In deze zaak heeft het Gerechtshof Arnhem-Leeuwarden op 8 november 2022 uitspraak gedaan in hoger beroep over de verlenging van de machtiging tot uithuisplaatsing van de minderjarige [de minderjarige1]. De moeder, verzoekster in hoger beroep, heeft de bestreden beschikking van de kinderrechter in de rechtbank Midden-Nederland, die op 10 mei 2022 werd uitgesproken, aangevochten. De kinderrechter had de ondertoezichtstelling en de machtiging tot uithuisplaatsing van [de minderjarige1] verlengd tot 19 mei 2023. De moeder verzocht het hof om deze beschikking te vernietigen en het verzoek van de gecertificeerde instelling (GI) tot verlenging van de machtiging af te wijzen.
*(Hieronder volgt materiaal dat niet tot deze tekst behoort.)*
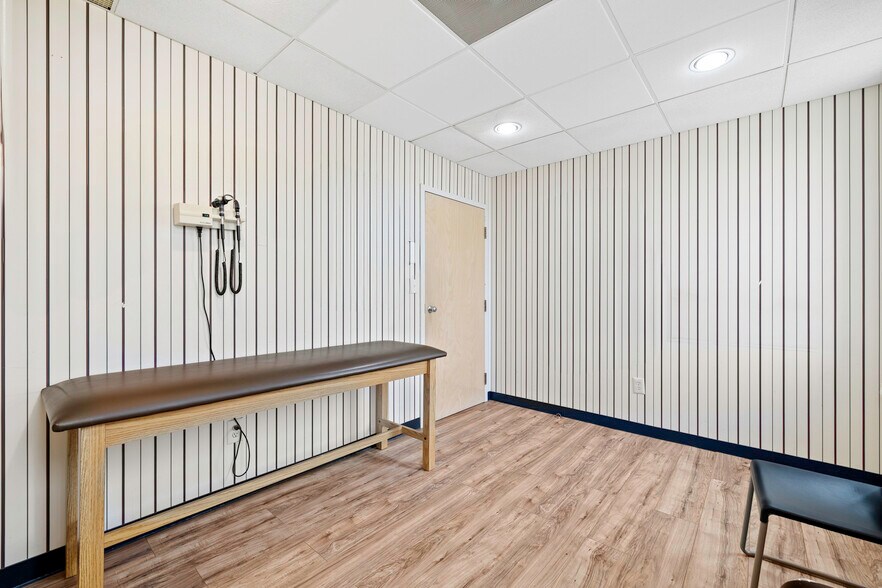 More Photos Of 3715 Main St, Bridgeport Medical For Sale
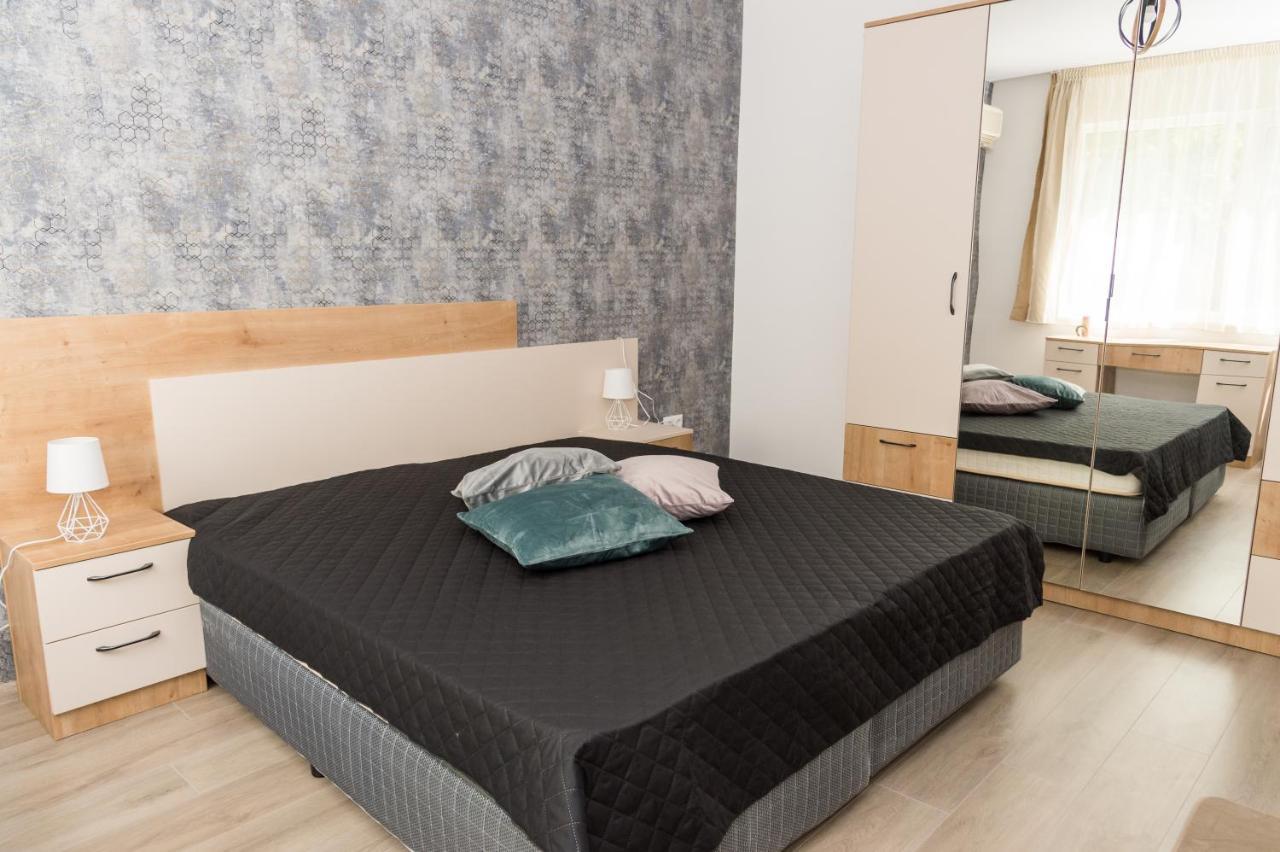 Alagen Apartments Burgas City Exterior foto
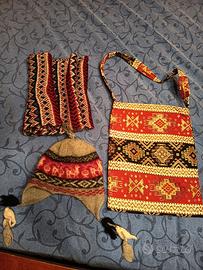 Cappello peruviano e sciarpa in lana con borsa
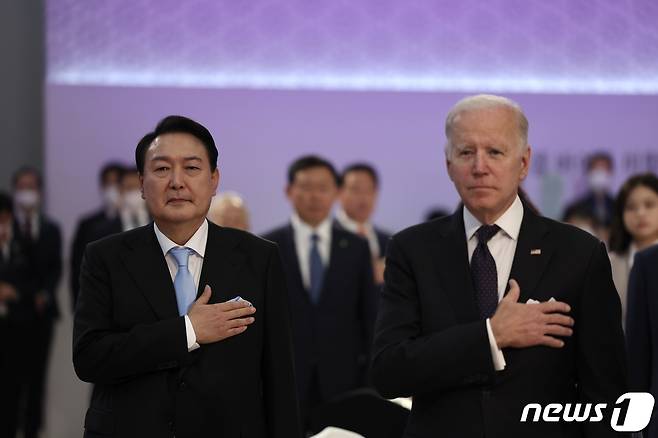 윤석열 대통령과 조 바이든 미국 대통령이 21일 오후 서울 용산구 국립중앙박물관에서 열린 한미정상 환영만찬에서 국기에 대한 경례를 하고 있다. (대통령실 제공) 2022.5.21/뉴스1 © News1 안은나 기자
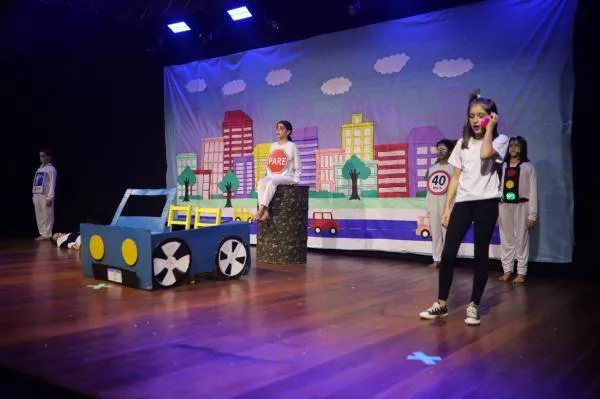 Festival estudantil reúne final com teatro e trânsito no Cine Teatro Cuiabá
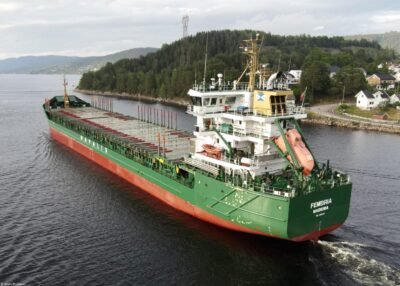 Fembria passing Svelvik, 21-06-2023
Tijdens de mondelinge behandeling op 29 september 2022 waren de moeder en een vertegenwoordiger van de GI aanwezig, terwijl de vader en de pleegouders niet verschenen. Het hof heeft vastgesteld dat de zorgen over de opvoedingssituatie van [de minderjarige1] nog steeds aanwezig zijn. De moeder heeft onvoldoende stappen gezet om de zorgen weg te nemen en heeft niet aangetoond dat zij in staat is om een veilig en stabiel opvoedingsklimaat te bieden. De GI heeft aangegeven dat er grote zorgen zijn over de zorg en veiligheid van zowel [de minderjarige1] als zijn jongere broertje [de minderjarige2].
Het hof heeft geconcludeerd dat de gronden voor uithuisplaatsing nog steeds aanwezig zijn en dat de continuïteit van de zorg voor [de minderjarige1] niet gewaarborgd kan worden zonder de verlenging van de machtiging. De moeder heeft positieve stappen gezet in haar ontwikkeling, maar dit is niet voldoende om [de minderjarige1] terug te plaatsen. Het hof heeft daarom de bestreden beschikking bekrachtigd, waarbij de noodzaak van verdere onderzoeken naar de opvoedingscapaciteiten van de moeder en het toekomstperspectief van [de minderjarige1] is benadrukt.